Even among American Jewish leaders, reaction to the latest national survey of American Jews, conducted by the Pew Research Center in Washington DC, has been rather muted. That is surprising because national surveys of American Jews occur only every decade or so and often provoke serious debates about the future of American Jewish life. Indeed, the 1990 National Jewish Population Survey (NJPS) prompted a huge re-think of Jewish priorities both in the US and UK, resulting in a dramatic increase in funding for Jewish educational initiatives to try to engage and inspire the young generation.

One key NJPS finding spawned that effort. The study found that 52 per cent of American Jews who had married between 1985 and 1990, had a non-Jewish spouse. That proportion had been rising steadily, but crossing the 50 per cent barrier for the first time caused widespread shock and dismay. Something had to be done.

Much has been done. Numerous Jewish schools have been established. Israel programmes have become normative. Stunning Jewish community centres have been built, countless adult education programmes have been created, a plenitude of Jewish cultural festivals have taken off.
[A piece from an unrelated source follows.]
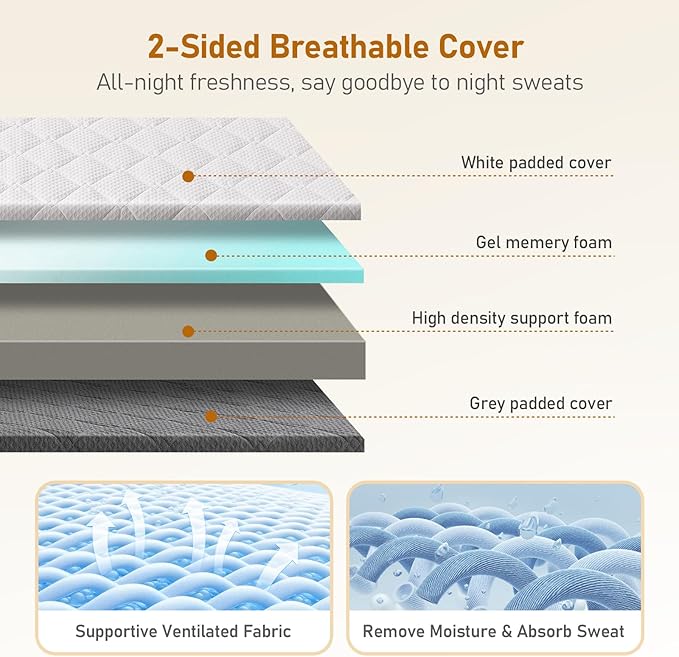 Extra Firm Mattress Topper Full: 3 Inch Firm & Extra Firm Dual Sides Flippable Mattress Pad, Double Sleep High Density Support for Back Pain, Breathable Washable Cover, CertiPUR-US Certified, 75x54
And yet, the new Pew report has found that the intermarriage rate among American Jews who married between 2010 and 2020, has climbed further still, to 61 per cent. Notwithstanding methodological differences between the studies, the trend over time is clear. And yet, listening to some American Jewish leaders reflecting on the new findings, there is little evidence of that 1990 angst. Just an acceptance of the reality and even, on occasion, a view that this shouldn’t be seen as bad news at all.That’s partly because a new generation of American Jewish scholars argue vociferously that intermarried Jewish couples can, and often do, bring up their children as Jews. Their work is typically based on small and selective qualitative samples, and advocates for much more tolerance for intermarriage, and an end to what they see as an obsessive focus on it as a measure to highlight the weakening of Jewish life, which they argue, with some justification, maligns and alienates intermarried couples.